DIRECTIONS FOR THIS TASK: The line containing "1 BÜYÜKŞEHİR VE" and every line after it to the end of the records: set those down exactly, without any pictures.

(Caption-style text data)
*** Begin section ***

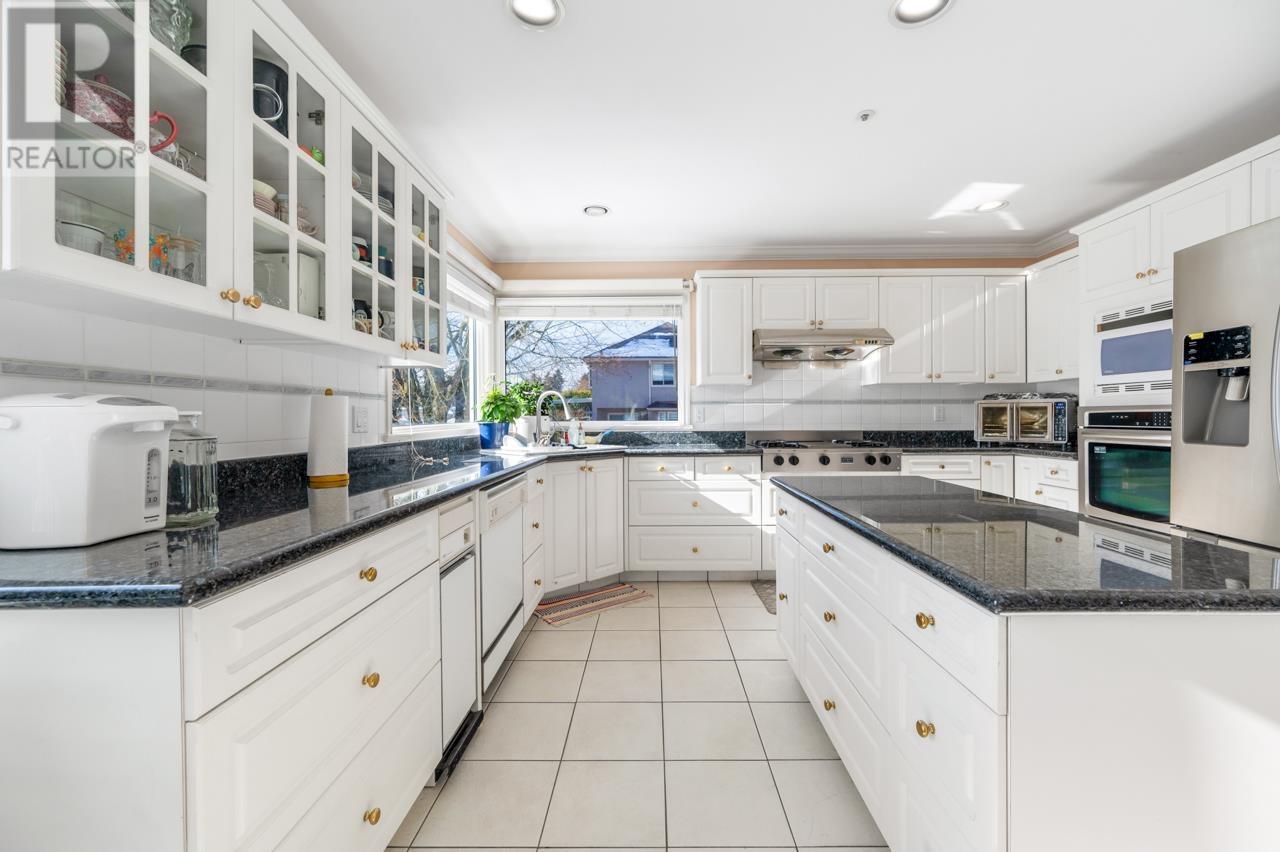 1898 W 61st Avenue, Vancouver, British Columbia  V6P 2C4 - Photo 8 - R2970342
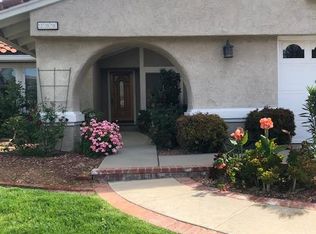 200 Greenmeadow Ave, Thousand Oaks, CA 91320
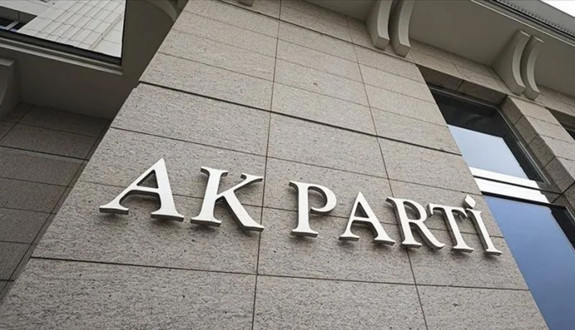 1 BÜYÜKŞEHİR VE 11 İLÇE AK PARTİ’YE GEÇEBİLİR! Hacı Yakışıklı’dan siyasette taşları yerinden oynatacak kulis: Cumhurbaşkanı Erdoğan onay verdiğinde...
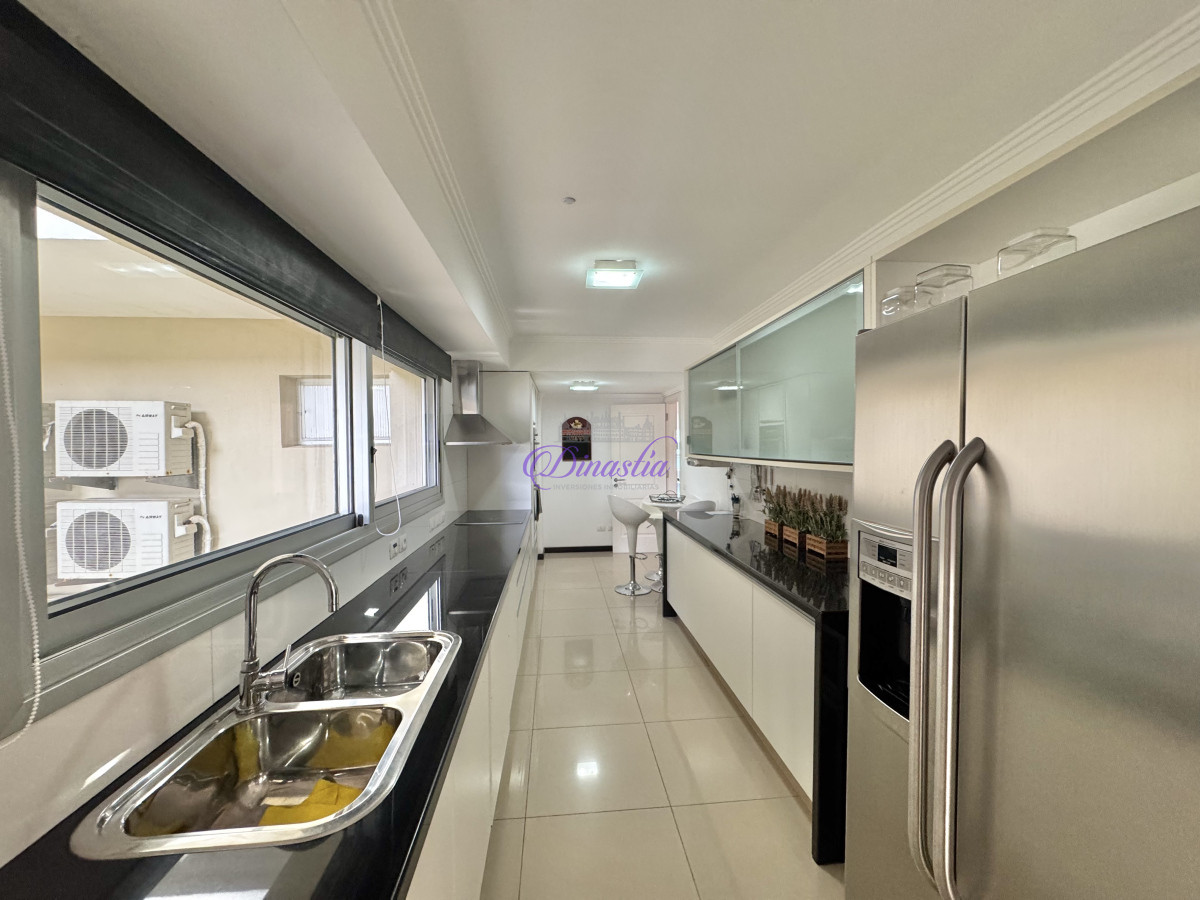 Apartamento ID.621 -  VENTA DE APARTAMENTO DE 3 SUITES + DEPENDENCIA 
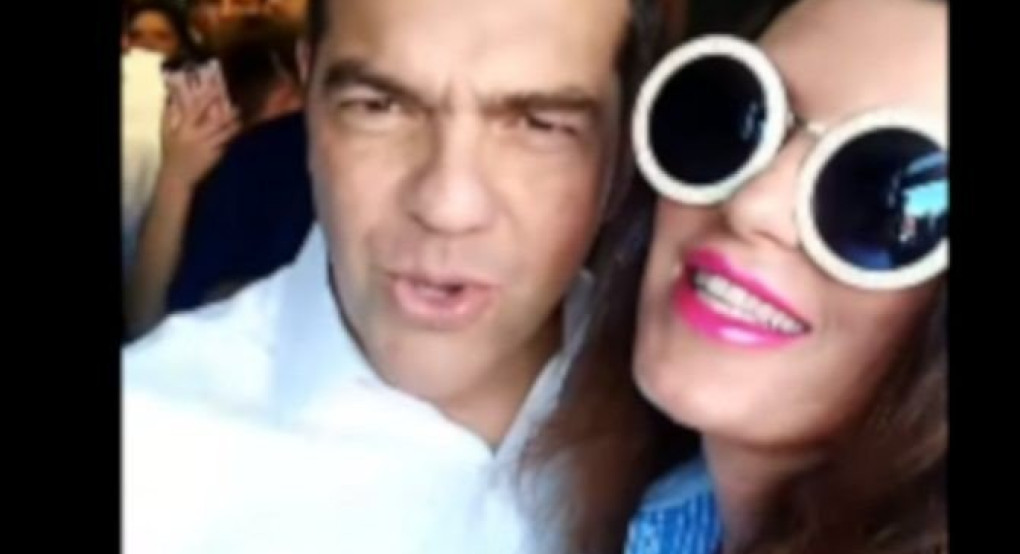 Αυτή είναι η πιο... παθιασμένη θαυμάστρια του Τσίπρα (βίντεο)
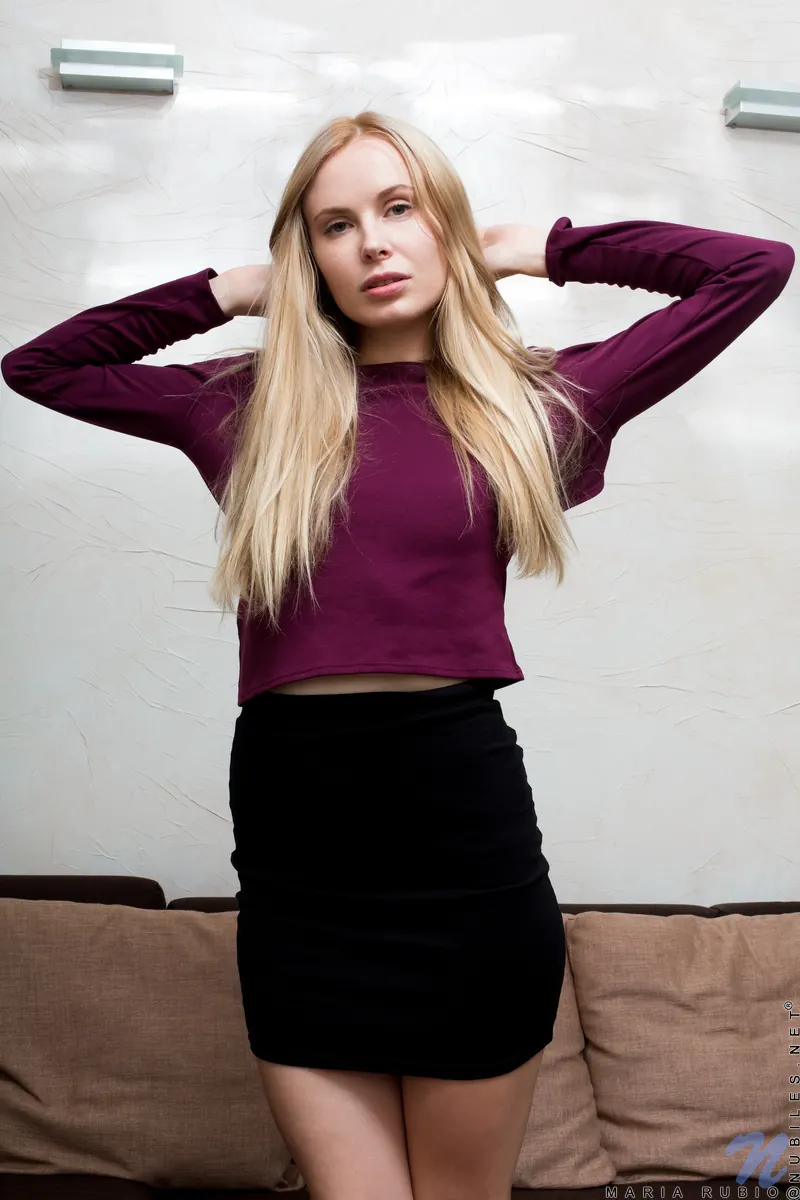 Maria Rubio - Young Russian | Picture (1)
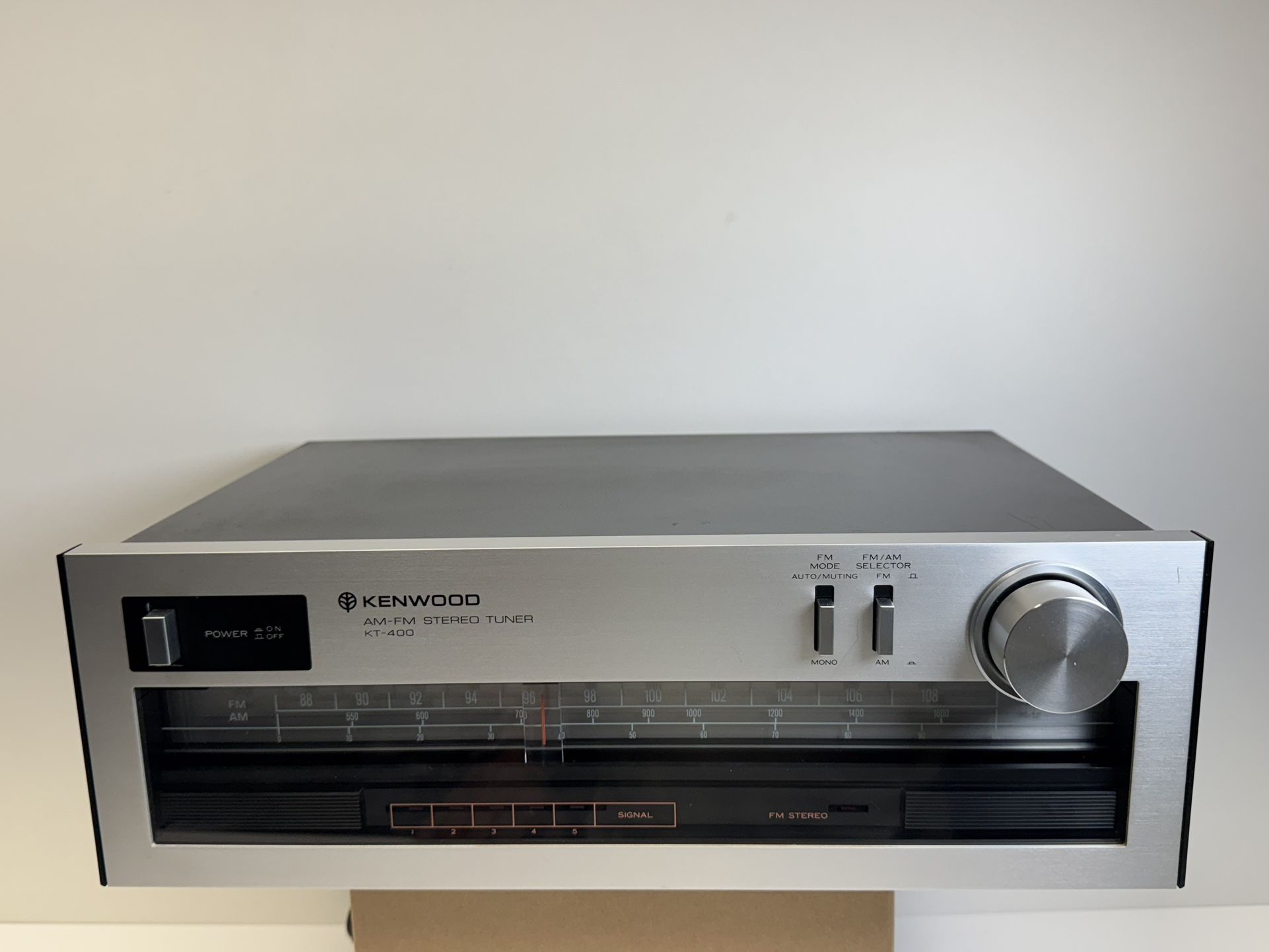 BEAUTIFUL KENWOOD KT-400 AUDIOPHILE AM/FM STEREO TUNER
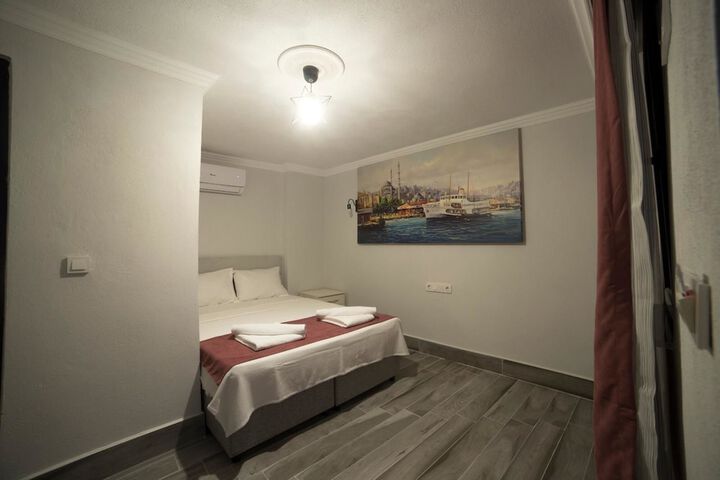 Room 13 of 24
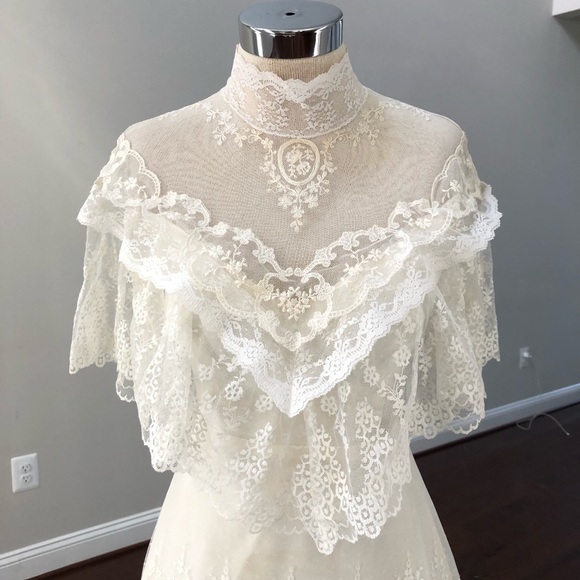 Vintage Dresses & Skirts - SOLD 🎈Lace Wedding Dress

*** End section ***

SOLUTION TO THIS TASK:
 1 BÜYÜKŞEHİR VE 11 İLÇE AK PARTİ’YE GEÇEBİLİR! Hacı Yakışıklı’dan siyasette taşları yerinden oynatacak kulis: Cumhurbaşkanı Erdoğan onay verdiğinde...
 Apartamento ID.621 -  VENTA DE APARTAMENTO DE 3 SUITES + DEPENDENCIA 
 Αυτή είναι η πιο... παθιασμένη θαυμάστρια του Τσίπρα (βίντεο)
 Maria Rubio - Young Russian | Picture (1)
 BEAUTIFUL KENWOOD KT-400 AUDIOPHILE AM/FM STEREO TUNER
 Room 13 of 24
 Vintage Dresses & Skirts - SOLD 🎈Lace Wedding Dress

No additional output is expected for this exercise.